I hate to say but I disagree with this. Yes, I acknowledge that the Neo-Nazis, KKK, and other white supremacists are bad (as I would not support them), but violence is not okay under all circumstances, whether if it's done by the left or the right. Neither is rude behavior or fighting on the forums. Of course the Neo-Nazis and white nationalists are the bad guys, but if they're being highly offensive on any forum, just report their posts and move on. Fighting back will make you just as bad. I don't care if the respondents are frustrated. Flaming is not acceptable at all on public forums, and violence is not acceptable in civil society.
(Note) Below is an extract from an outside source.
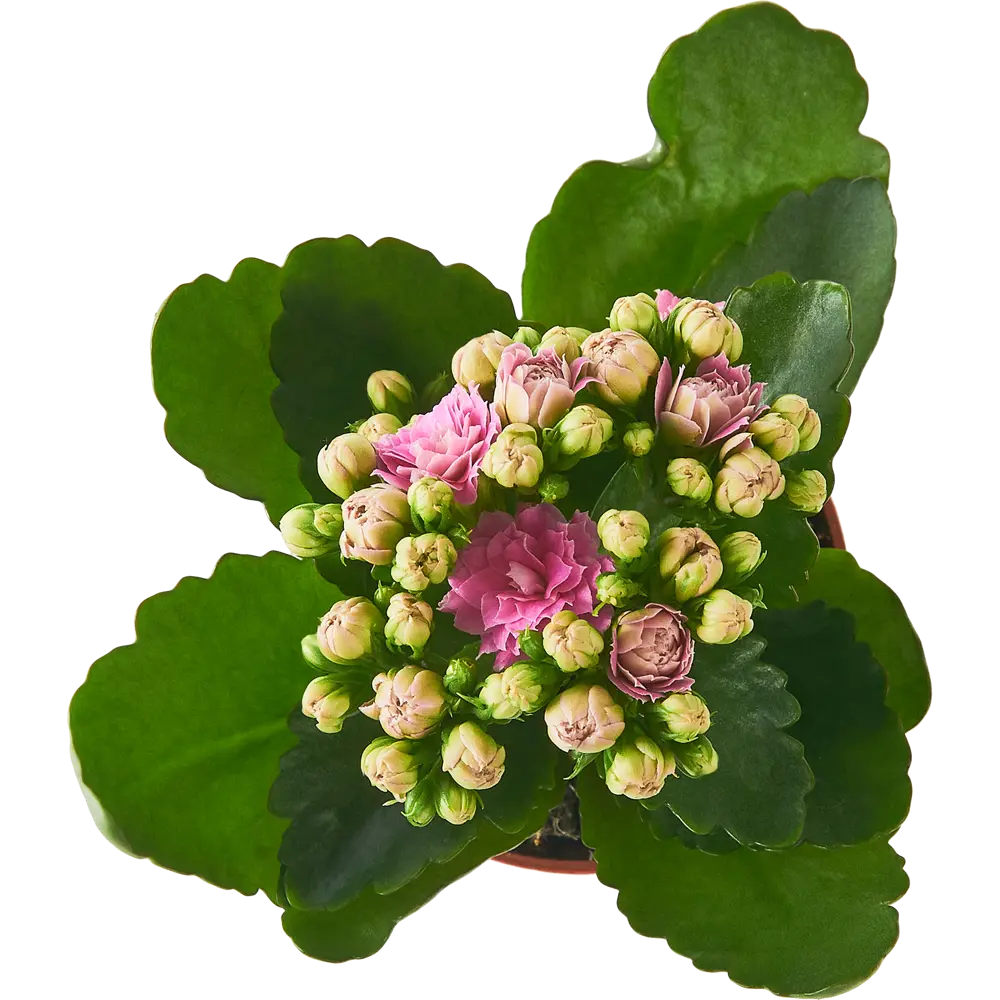 Santreyd Каланхоэ Блоссфельда - цветущий суккулент с глянцевой листвой 86720739 STLM-0070954 - Вид №2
Not only that, but some of the groups that got violent because of injustice or Trump's election, they are fighting against the law, against the market economic system, against constitutional values like the freedom of speech, and against social norms. They're not really fighting against injustice or fascists. Even if they were, violence is still not acceptable. I think they have been getting violent because of how desperate they have gotten, but by doing this, it will get others being violent as well, which will continue dividing us apart.

And gyro, I may have not got along with you, but you are right that just because some people of one group are being rude doesn't mean they can stop respecting the group as a whole. I made this mistake several times when it comes to describing liberals. Even so, it's never right to judge an entire group because of one person. It's only the person being rude, not the group as a whole. So when you got mad at someone being judgemental over one group because of one person, you are right. But then again, it's the internet that is full of mean people. If you met people in person, they wouldn't be as rude.


----------



## mitfy (Oct 18, 2017)

n trust me i totally get wanting and trying to defend your beliefs and call ppl out for bigotedness. i appreciate those who do it bc i for one am afraid of confrontation lmao. but yeah i think its our own personal responsibility to not let our emotions get the most of us when participating in these debates and trying to stay as civil as possible.


----------



## Lackadaisy (Oct 18, 2017)

Alolan_Apples said:


> Even if they were, violence is still not acceptable. I think they have been getting violent because of how desperate they have gotten, but by doing this, it will get others being violent as well, which will continue dividing us apart.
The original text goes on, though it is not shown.